As a relatively young group of disciplines, the behavioral sciences are still developing and refining many of the sets of concepts and classifications on which they are based (and by which each organizes the knowledge that is created), as well as the constructs useful for scientific study. And the challenge of discerning whether two constructs actually describe the same entity or phenomenon has been an issue in the behavioral sciences for more than a century (Larsen and Bong, 2016). In general, the constructs and
classifications that have been established in the behavioral sciences have not been systematized (see, e.g., Davis et al., 2015; Barrett, 2009; Lilienfeld et al., 2015; Lawson and Robbins, 2021). Scientists working within even a narrow field may use different constructs and classifications for the same phenomena depending on their interests and other factors. They may be using the same word (label) for a phenomenon or a class and not recognize that they are actually referring to different phenomena or classes. Indeed, the charge given to this committee reflects an understanding that a broad range of stakeholders are interested in the continuing development and refinement of how behavioral science knowledge is organized and disseminated. We briefly review some of the challenges associated with classification and with defining and measuring constructs that point to a need for greater reliance on ontologies.

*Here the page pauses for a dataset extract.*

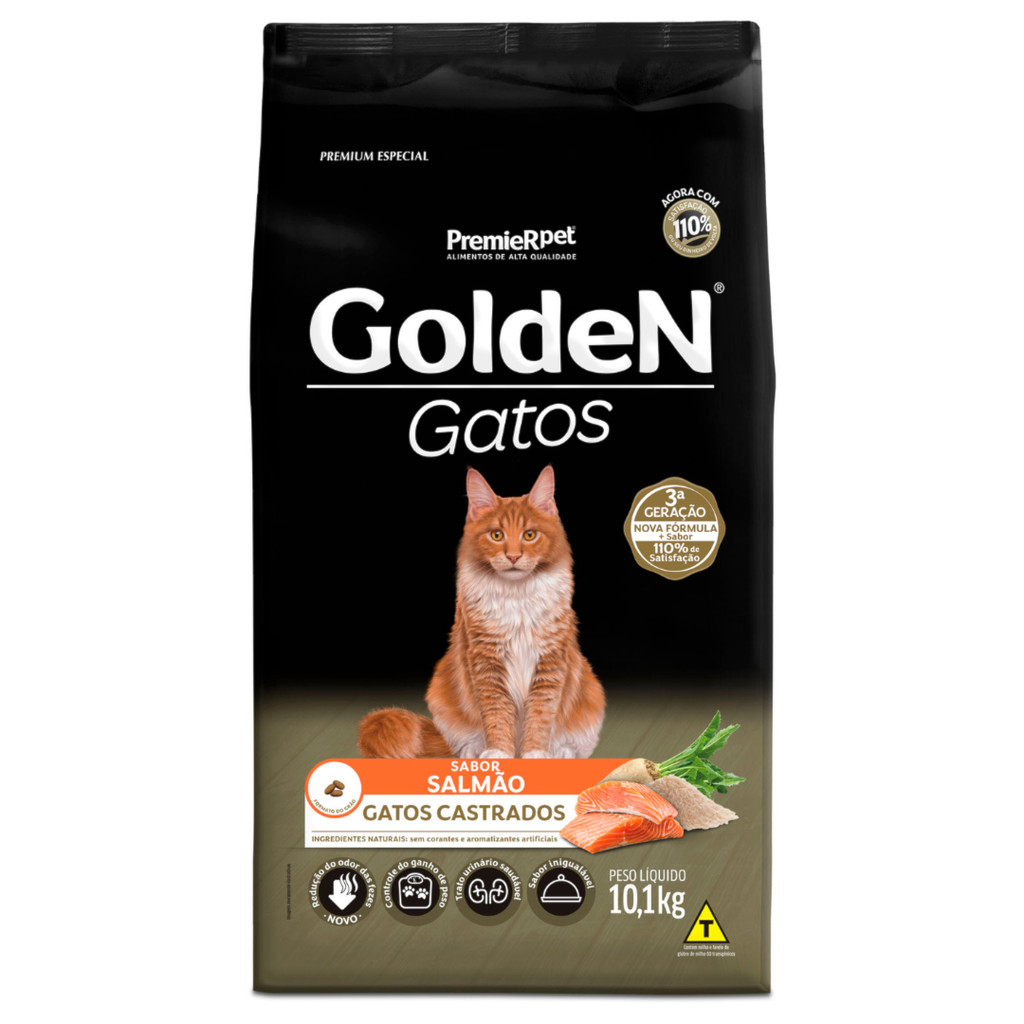 Ração GoldeN gatos adultos castrados salmão 10,1kg em Oferta na Shopee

Challenges with Classification
Definitions of many of the concepts, constructs, and classifications used in the behavioral sciences may not be widely shared. As already noted, scientists identify classes by focusing on certain features of equivalence (features that the entities or instances are thought to share), but these groupings do not necessarily correspond to the words that label them in principled and consistent ways. As a result, scientists and science consumers may not easily recognize the extent to which two entities or even two constructs are similar or different. Even when a classification system is accepted within a domain of study, it may be inadequate or unsuitable for its intended purpose.
In addition, classifications inevitably become out of date as scientific knowledge evolves in response to new findings and new ideas. For example, Linnaeus, the legendary taxonomist, classified rabies as a mental illness because end-stage rabies results in confusion, agitation, and hallucinations (Linné and Schröder, 1763, cited in Chute, 2021). Linnaeus created the class before the infectious origins of rabies were understood. A more contemporary illustration is the 11th edition of the International Classification of Diseases (ICD), which significantly modified its classification of mental health disorders to reflect current understanding of pathology, setting aside many terms that are rooted in Freudian psychoanalysis (Chute, 2021): see Box 2-3.

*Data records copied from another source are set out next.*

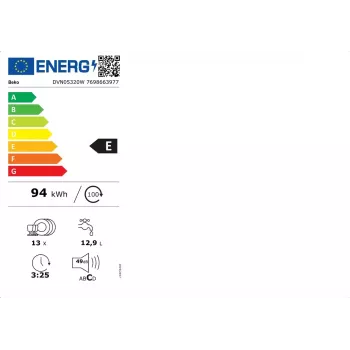 Laisvai pastatoma indaplovė BEKO DVN05320W — pilno dydžio 60 cm, 13 stalo įrankių komplektų, 49 dB, 5 programos, E klasė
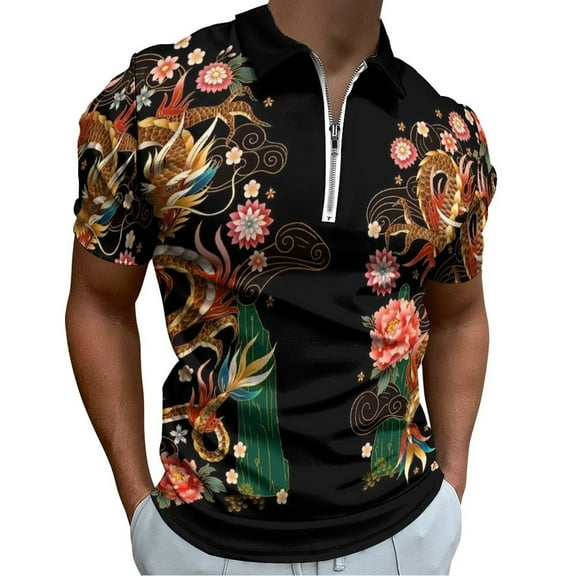 Chinese Traditional Dragons Men Zipper T-shirt Summer Casual Short Sleeve T-shirt Top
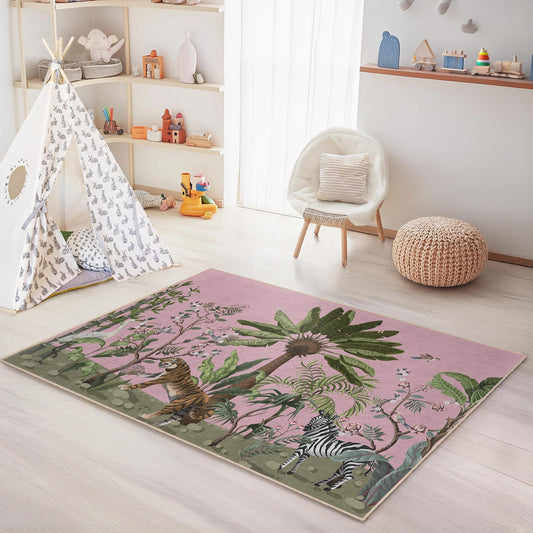 Jungle Adventure Kids Play Rug, Animal Theme Kids Carpet, Rectangular Play Mat for Kids Room, Soft Nursery Decor, Safari Rug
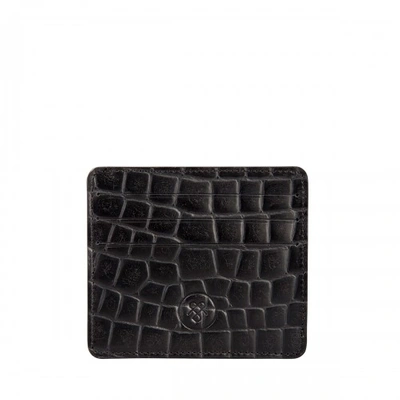 Maxwell Scott Bags Men S Stylish Mock Croc Black Leather Card Wallet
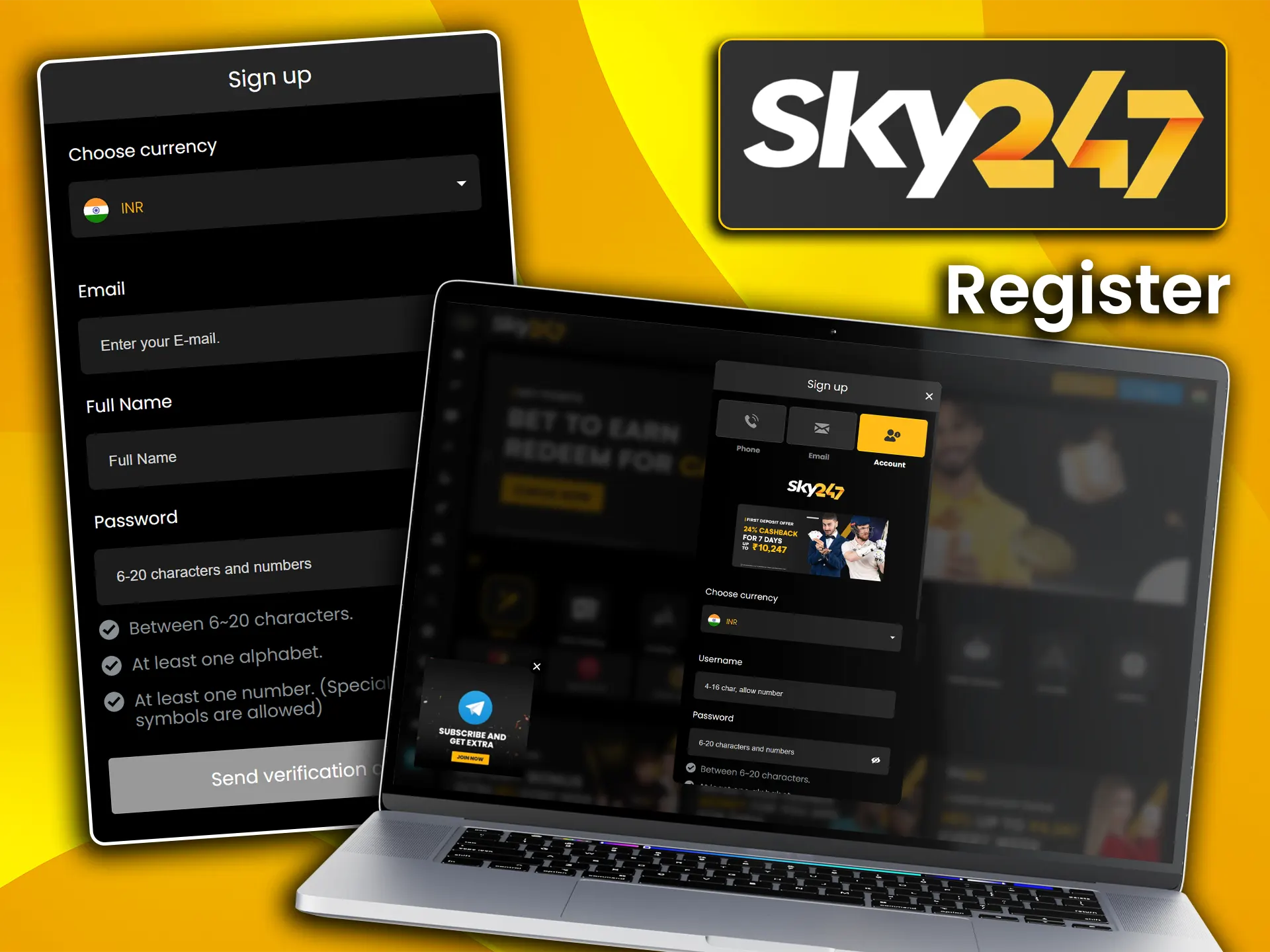 Complete the registration process and place your first wager using the PC application on Sky247.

A classification that has not been developed systematically might not be useful and may even be counterproductive. For example, in the mental health field, diagnosis often involves placing individuals into discrete classes. Yet, evidence challenges the reliability of many psychological and psychiatric diagnoses (Regier et al., 2013). Furthermore, mental health diagnoses and the symptoms that underlie them are highly intercorrelated.
For example, mental disorientation may be associated with several different diagnoses. And disorientation may be highly correlated with other symptoms, such as flat affect, hallucinations, and social distrust. These findings challenge the clinical practice of placing individuals into a primary diagnosis class (Lahey, 2021). The mechanisms that cause a person to display particular signs or symptoms of conduct may vary across individuals.

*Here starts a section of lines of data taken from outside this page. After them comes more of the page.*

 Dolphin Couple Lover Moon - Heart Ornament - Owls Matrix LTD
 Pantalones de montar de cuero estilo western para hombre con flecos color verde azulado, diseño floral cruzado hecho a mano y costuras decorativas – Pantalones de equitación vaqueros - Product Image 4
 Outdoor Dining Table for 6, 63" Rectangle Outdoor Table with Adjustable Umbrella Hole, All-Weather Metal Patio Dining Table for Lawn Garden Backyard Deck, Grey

There are different ways to create classification systems. The most common approach uses collaborative consensus building to define groupings in the observed domain. Empirical statistical methodologies have the potential to support this effort by identifying data that are more or less similar. The statistical approach builds on the estimated correlations between observations and constructs and can sharpen definitions of classes and improve the reliability of an ontology. By identifying correlations among diagnoses and symptoms, for example, it may be possible to replace binary mental health diagnoses (e.g., normal or abnormal) with estimates of where individuals fall along multiple continua (Lahey, 2021; Lahey et al, 2017). This point is discussed further in Chapter 5.
The Jingle Problem
One common problem in the behavioral sciences occurs when researchers assume that two groups of entities that can be distinguished by their features (i.e., they should be considered as two different constructs) are assumed to be the same because they are named by the same word. This is called the jingle problem or fallacy (see, e.g., Kelley, 1927; Gonzalez et al., 2021).6 An example of the jingle problem is evident in the scientific use of the word “control” and its associated constructs. The same word can refer to the subjective experience of being in control, a feeling of agency or effort, and can also refer to the function of systems or mechanisms that guide behavior (Helmholtz, 1925; Bargh, 1994). Yet there is clear and consistent evidence that the two need not correspond (e.g., Barrett et al., 2004). Similarly, scientists who study emotion often use the same words to refer to a range of very different constructs (see, e.g., Barrett et al., 2019, Fig. 1).
The Jangle Problem
A related problem occurs when scientists assume that two similar phenomena are different because they go by different names. This is called the jangle problem or alternatively, the “toothbrush problem” (so named because behavioral scientists often avoid using others’ theories just as people are repulsed by the thought of using others’ toothbrushes) (Mischel, 2008). Examples abound in the behavioral sciences. “Coping,” “emotion regulation,” “self-regulation,” and “self-control,” or even “cognitive control” may all refer to similar phenomena that share many features. It is possible, of course, that differences in language may indicate subtle but critical differences in the features that scientists focus on when studying and conceptualizing a classification. Nevertheless, it is indisputable that the jangle or toothbrush problem has interfered with the accumulation of knowledge in the behavioral sciences. The proliferation of measures and theories often leads to more confusion than clarification.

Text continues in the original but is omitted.